544 S.W.2d 932, 1976 Tex. App. LEXIS 3435
CourtCourt of Appeals of Texas
DecidedDecember 10, 1976
DocketNo. 17778
StatusPublished
Cited by5 cases

This text of 544 S.W.2d 932 (Harris v. Logue) is published on Counsel Stack Legal Research, covering Court of Appeals of Texas primary law. Counsel Stack provides free access to over 12 million legal documents including statutes, case law, regulations, and constitutions.

Bluebook
Harris v. Logue, 544 S.W.2d 932, 1976 Tex. App. LEXIS 3435 (Tex. Ct. App. 1976).

Opinion

OPINION

MASSEY, Chief Justice.

The appeal is from a judgment which vacated a prior default judgment in a class action suit.

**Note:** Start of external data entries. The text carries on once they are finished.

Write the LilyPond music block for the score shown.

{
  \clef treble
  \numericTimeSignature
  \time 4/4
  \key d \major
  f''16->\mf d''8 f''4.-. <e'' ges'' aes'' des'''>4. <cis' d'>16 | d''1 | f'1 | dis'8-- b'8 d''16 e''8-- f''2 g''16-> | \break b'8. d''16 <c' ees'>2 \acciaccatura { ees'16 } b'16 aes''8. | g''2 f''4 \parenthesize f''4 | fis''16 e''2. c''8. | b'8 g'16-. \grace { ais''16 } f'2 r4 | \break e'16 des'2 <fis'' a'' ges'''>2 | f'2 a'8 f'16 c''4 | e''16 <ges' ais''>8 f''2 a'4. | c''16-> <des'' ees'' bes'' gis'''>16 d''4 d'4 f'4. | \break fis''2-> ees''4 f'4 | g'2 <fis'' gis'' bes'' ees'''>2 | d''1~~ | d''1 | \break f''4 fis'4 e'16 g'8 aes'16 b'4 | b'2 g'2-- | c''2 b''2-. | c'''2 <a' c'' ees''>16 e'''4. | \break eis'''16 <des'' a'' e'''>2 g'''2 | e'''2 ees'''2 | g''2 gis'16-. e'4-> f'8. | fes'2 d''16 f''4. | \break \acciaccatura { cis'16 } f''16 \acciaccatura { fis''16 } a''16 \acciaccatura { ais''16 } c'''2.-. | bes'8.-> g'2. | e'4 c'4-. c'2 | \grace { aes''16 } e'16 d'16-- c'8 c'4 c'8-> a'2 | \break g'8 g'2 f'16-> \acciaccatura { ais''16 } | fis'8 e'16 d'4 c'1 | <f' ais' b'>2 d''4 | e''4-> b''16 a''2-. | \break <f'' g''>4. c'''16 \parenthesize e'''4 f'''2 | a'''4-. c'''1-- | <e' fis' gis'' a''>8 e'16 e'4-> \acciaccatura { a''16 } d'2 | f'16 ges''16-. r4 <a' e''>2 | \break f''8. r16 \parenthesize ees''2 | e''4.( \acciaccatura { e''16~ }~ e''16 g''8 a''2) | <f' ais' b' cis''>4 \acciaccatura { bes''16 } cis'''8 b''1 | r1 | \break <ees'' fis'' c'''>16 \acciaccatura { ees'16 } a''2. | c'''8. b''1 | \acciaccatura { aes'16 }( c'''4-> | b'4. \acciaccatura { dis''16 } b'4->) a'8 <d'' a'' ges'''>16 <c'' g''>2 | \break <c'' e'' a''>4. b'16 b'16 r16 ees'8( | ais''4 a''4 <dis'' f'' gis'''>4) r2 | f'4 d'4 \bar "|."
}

[934]*934Richard A. Harris and his wife, owners of Lots 1 and 2 in Block 1, Roberts Addition in Denton County, Texas, brought an action, under the provisions of T.R.C.P. 42, “Class Actions,” to remove the restrictions theretofore appertaining to the use of their lots against persons by the names of Puller, Ferrill, Young, Callahan, Dawson, Hyder, and Copp, plus Denton Savings Association. These were sued individually and as representatives of the class of owners of property (and Denton Savings as a lienholder and as representative of others) in Roberts Addition. Restrictions had been placed on such lots at time of the 1945 platting and dedication by Mrs. Marion R. Roberts and her husband.

On May 7,1974, Harris and wife obtained a default judgment by such suit. The judgment recited, among other things that “. . . when came Plaintiffs . and announced ready for trial, and the Defendants, although duly served with citation and cited by law to appear herein, came not but wholly made default, except Defendants Copp and Puller, who individually answered herein, but who each wholly failed to appear at said setting, although proper notice of the setting of this cause was given, and the Plaintiffs having announced ready for trial, and having waived trial by jury, all matters of fact, as well as of law, were submitted to the Court, and the Court, having reviewed the pleadings and having heard the evidence and argument of counsel, is of the opinion that Plaintiffs are entitled to recover Judgment as hereinafter provided, and the Court finds that: First . . . . Second, that the owners of the various tracts of the Revised Roberts Addition . . . are so numerous that to bring them all before this Court would be impractical and would produce delay and obstruct the purposes of justice. Third, that the Defendants cited herein constitute true representatives of the class sued herein, said class comprising the owners of the various tracts of the Revised Roberts Addition, . . . . Fifth, that the restrictions as to use, . . . and which covered Lot 1, Block 1 of the Revised Roberts Addition, then (December 3, 1945) the Roberts Addition, were the only restrictions . . .; that such restrictions were expressly rescinded and revoked . . .; that there are therefore no restrictions of record or otherwise . . . . Sixth, that the aforesaid conditions and restrictions . were each placed upon the property when the neighborhood . . . was of a residential character; that the property surrounding the Revised Roberts Addition has become commercial in nature, . that there has been such a change of conditions surrounding the area subject to the restrictions that it is no longer possible to secure in a substantial degree, the benefits sought to be realized through the restrictive covenants . . . . Seventh, that this Court has jurisdiction of the parties and the subject matter of this cause.”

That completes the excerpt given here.